Dans un premier temps en décrivant le livre, puis dans un deuxième temps en me penchant sur le spectacle littéraire, je vais souligner l’engagement critique du travail artistique de Mathieu Arsenault, qui met en évidence l’artificialité de la communication contemporaine à l’intérieur de l’industrie du livre. Le sens et la forme du texte et de la performance La vie littéraire soulignent que l’on ne peut pas échapper à la « société du spectacle » (Debord, 1967), qui constitue désormais une partie de notre existence, même si l’on s’y sent infiniment étranger.

Écrire la vie quotidienne

Le livre La vie littéraire est composé de courts chapitres. Les signes de ponctuation et les lettres majuscules sont absents ; il ne reste que le point qui clôt chaque texte. Les chapitres sont donc composés d’une seule longue phrase, elle-même constituée par la juxtaposition de propositions autonomes dans leur contenu. Le récit est rythmé par la longueur des propositions, par une liste d’actions que la narratrice exécute ou pense faire, par la répétition des mêmes formes verbales, par des assonances et des allitérations. Le lecteur peut choisir de commencer à lire à la fin de la page puis de revenir en arrière dans la narration, mais aussi d’alterner au hasard la lecture de chapitres, comme celle de poèmes dans un recueil. Il pourra de toute façon continuer à suivre le sens global du récit. Entre le livre et lui se constitue un pacte expérientiel « qui inscrit dans l’immédiateté une action en train de se faire » (Féral, 2013 : 209). Dans la lecture, on réintroduit « un processus qui se repère dans un évènement » (Ibid.), c’est-à-dire qu’elle devient une situation où la structure textuelle permet au lecteur de prendre un rôle actif. Il est libre de choisir sa manière d’évoluer d’une page à l’autre et ainsi se nourrir du livre. Mathieu Arsenault crée un pacte performatif avec son lecteur en lui permettant « d’échapper […] aux limites d’une pensée linéaire riche mais univoque » (212).

Dans Le guide des bars et des pubs de Saguenay (2016), Mathieu Arsenault explique l’intention à la base du processus de création de cette œuvre. Durant une résidence au Centre Bang de Chicoutimi, il a écrit sur la vie nocturne des villes du Saguenay. Il a cherché une technique pour prendre des notes rapidement, dans le but de retracer dans de courts textes les évènements auxquels il assistait et les rencontres qu’il faisait. Le guide des bars… est composé d’un essai qui restitue son expérience d’écriture en résidence et de poèmes qui ont été produits à travers la recherche d’une « grammaire du regard » (Arsenault, 2016 : 12). Arsenault notait sur son cellulaire, de manière presque « sténographique» (Ibid.) ce qu’il voyait, pour garder la substance de l’instant quotidien avant qu’il soit réécrit dans une narration. Il souhaitait capter la puissance performative de la réalité, les relations naissant entre des individus dont les émotions et les sentiments restent liés à ce qui a été vécu précisément à ce moment-là. Il s’est engagé à « prendre des notes qui emprunteraient le plus court chemin pour condenser un maximum d’éléments » (14) et à trouver l’écriture la plus efficace pour retenir sous la forme d’un poème l’instant où la réalité s’est produite.

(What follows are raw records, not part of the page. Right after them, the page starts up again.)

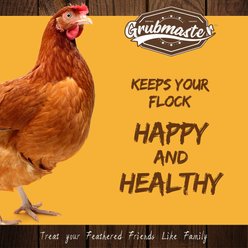 GRUBMASTER Dried Black Soldier Fly Larvae Bird Treat, 2-lb bag slide 2 of 5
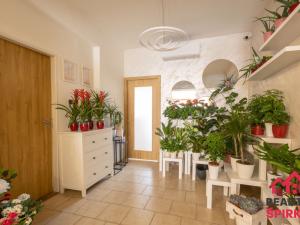 Pronájem obchodního prostoru, Moravská Třebová - Předměstí, Brněnská, 58 m2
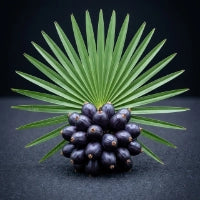 Saw Palmetto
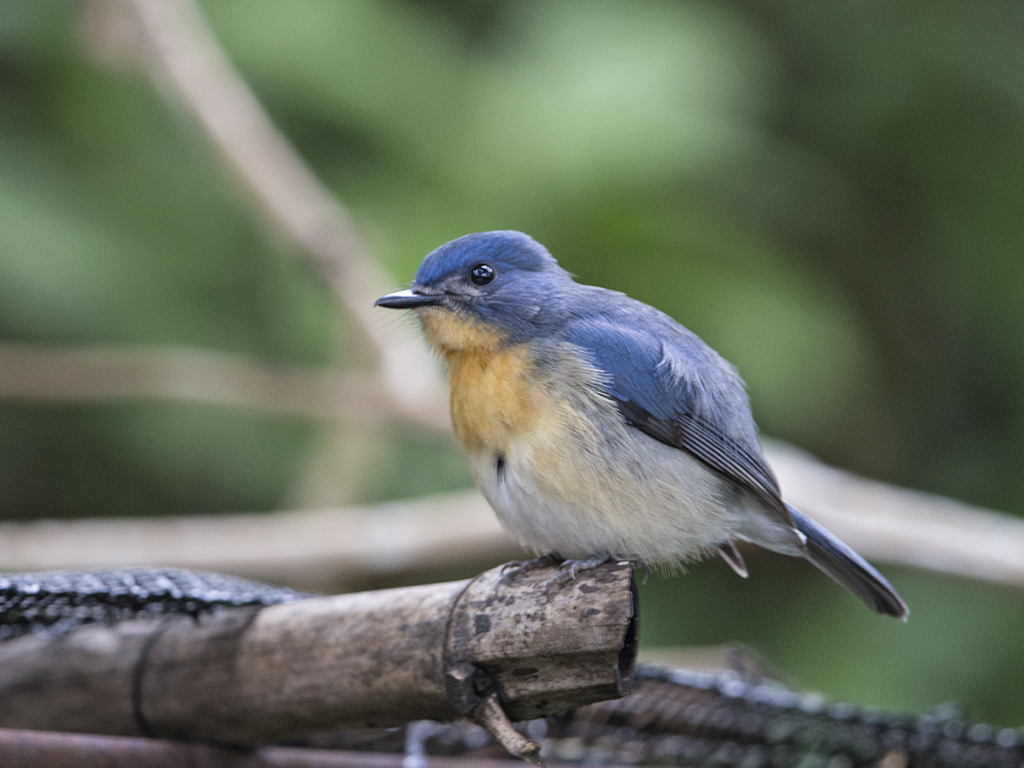 Tickell's Blue Flycatcher    Sri Lanka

Un souci similaire de retranscription du fait quotidien est présent dans La vie littéraire. La narration va à l’essentiel pour raconter une situation ou pour représenter des pensées de la narratrice. Elle se génère par des raccourcis dans la logique grammaticale, par exemple la coupure de locutions ou de pronoms qui auraient déterminé le développement d’un discours conventionnel. L’univers de la jeune écrivaine est une nébuleuse d’actions et de pensées montrant ce qui prend forme dans sa tête. Sa vie littéraire n’est pas seulement composée par des moments d’écriture ou de participation à des rencontres littéraires, mais par l’alchimie entre ces moments particuliers et toute sorte d’évènements quotidiens, qu’Arsenault partage avec le lecteur là où la plupart des narrations ne s’attarderaient pas.

L’apprentie écrivaine et son milieu

Le livre La vie littéraire est organisé en trois parties : Lire, Écrire, Imprimer. Ces mots résument la façon dont la narratrice se caractérise : elle lit, elle écrit et elle voudrait être publiée. Les chapitres intégrés dans chaque partie ne sont cependant pas dédiés à chacune des trois activités. Toutes s’entrecroisent dans la vie quotidienne du personnage. La division en parties permet surtout de marquer des pauses à l’intérieur de la séquence continuelle de longues phrases, et de rappeler au lecteur l’argument central du livre au milieu du flux d’informations.

L’apprentie écrivaine narre ses rêves, sa volonté d’écrire des œuvres littéraires et de devenir une artiste reconnue. Je cite le chapitre « Lecture de salle de bain » qui, dans l’adaptation du livre à la scène, ouvre le monologue joué par Arsenault :

Tu me trouves séduisante tu me trouves intelligente tu ne sais pas qui je suis mais moi je sais que […] je sais que t’es cool t’aimes le sexe t’écoutes de la bonne musique […] et le temps que t’as pour lire dans ta journée c’est les dix minutes que tu passes à chier en refaisant le monde en pensée […] j’aimerais ça gros comme la terre qu’on s’écrive un roman […] et moi je suis une princesse rose parfaite à lunettes roses […]. (Arsenault, 2014 : 81)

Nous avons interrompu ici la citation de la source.